Lapsang Souchong: The Pine-Smoked Ancestor of Global Black Tea


Black Tea
Long before English breakfast blends and Assam CTC filled supermarket shelves, a small village in the Wuyi Mountains of northern Fujian province sent Europe its first taste of what the Chinese still call hong cha—“red tea.” That village was Tongmu, the year was roughly 1646, and the tea was Lapsang Souchong. Today its name evokes either devotion or bewilderment: some drinkers swoon over its campfire perfume, others swear it smells like smoked ham. Both camps are right, yet neither captures the full story of a tea that changed world history, gave birth to every black tea that followed, and—when handled by a master—can taste as elegant as Burgundy and as comforting as winter hearth.

History: From Ming Loyalists to London Coffeehouses
Tongmu sits in a narrow gorge where the Chong’an River becomes a torrent and the humid subtropical air collides with cool mountain mist. In the chaotic final years of the Ming dynasty, Qing troops pushed southward; legend claims that passing soldiers commandeered a tea factory, forcing leaf processors to abandon their usual green-tea schedule. To save the harvest, workers rushed the withering leaves over open pine fires, then packed them in gunny sacks for swift evacuation downriver to the port of Xiamen. Dutch traders tasted the result—brisk, copper-liquored, and astonishingly stable after months at sea—and re-labelled it “Bohea,” a corruption of “Wuyi.” By 1669 the British East India Company had listed “Lapsang Souchong” (the Cantonese reading of the village name) at 28 shillings a pound, more than twice the price of green tea. Samuel Pepys mentions drinking “a cup of tee, a China drink,” in 1660; within decades London coffeehouses were advertising “Souchong” as the gentleman’s beverage, the first black tea Europeans ever tasted.

Terroir: Why Only Tongmu Tastes Like Tongmu
The Wuyi range is a UNESCO biosphere reserve built on weathered volcanic tuff. Its narrow gorges trap morning fog, creating 80–85 % relative humidity, while giant pine and cedar give off resin that settles on tea bushes. The indigenous cultivar is Xiao Zhong qi zhong (“small cultivar, original bush”), a semi-wild shrub with tiny spring buds that yield high concentrations of geraniol and linalool—aromatic compounds that marry with pine smoke to produce the tea’s signature peach-and-turpentine top note. Outside Tongmu, farmers may imitate the process, but without that resin-laden air and mineral soil the cup lacks the lingering honey finish Chinese tasters call “cold rock candy sweetness.”

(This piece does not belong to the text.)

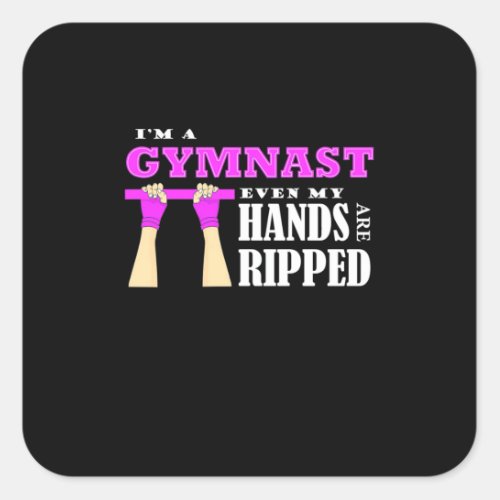 Proud I Am A Gymnast Square Sticker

Grades: Souchong, Congou, and the Modern “Unsmoked”
Traditional Lapsang Souchong is sorted into four leaf grades:

  1. Leaf-grade Souchong—whole two-leaf-and-a-bud sets, lightly twisted; the most balanced smoke.
  2. Broken Souchong—smaller particles intended for Russian samovars; heavier smoke to mask astringency.
  3. Congou (gongfu) Souchong—larger, strip-style leaves processed with extra rolling; designed for European gongfu-style teapots of the 18th century.
  4. Pinewood Unsmoked—an innovation requested by German importers in 2005: same withering and firing, but no final pinewood smoke. It delivers cocoa and dried-longan notes, proving that Tongmu terroir alone is charismatic.

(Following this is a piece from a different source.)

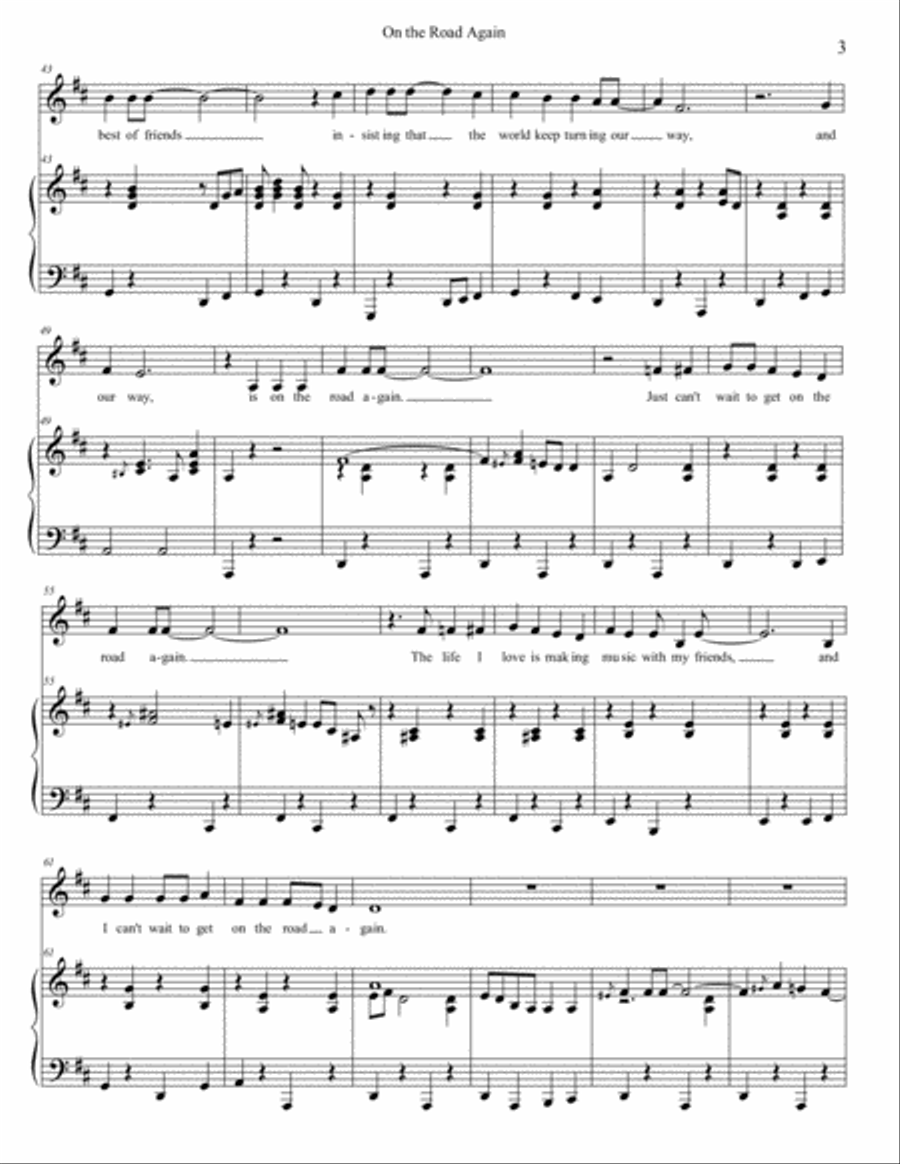 On The Road Again Voice scores gallery preview page 3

Craft: The Eight Steps That Turn Green Leaf into Scarlet Ribbon

  1. Plucking: Dawn pickings before the sun burns off dew, selecting only the first three leaves.
  2. Indoor Withering: 8–10 h on bamboo racks above a gentle pine-charcoal brazier; temperature held at 28 °C to drive off 60 % moisture while infusing the leaf with resinous air.
  3. Rolling: Once leaves feel leather-tough, they are rolled for 45 min to rupture cells, releasing catechins that will oxidize into theaflavins and thearubigins.
  4. Oxidation: Rolled leaf is piled in cedar-wood trays inside a humid “fermentation room” for 3–5 h; color shifts from jade to copper.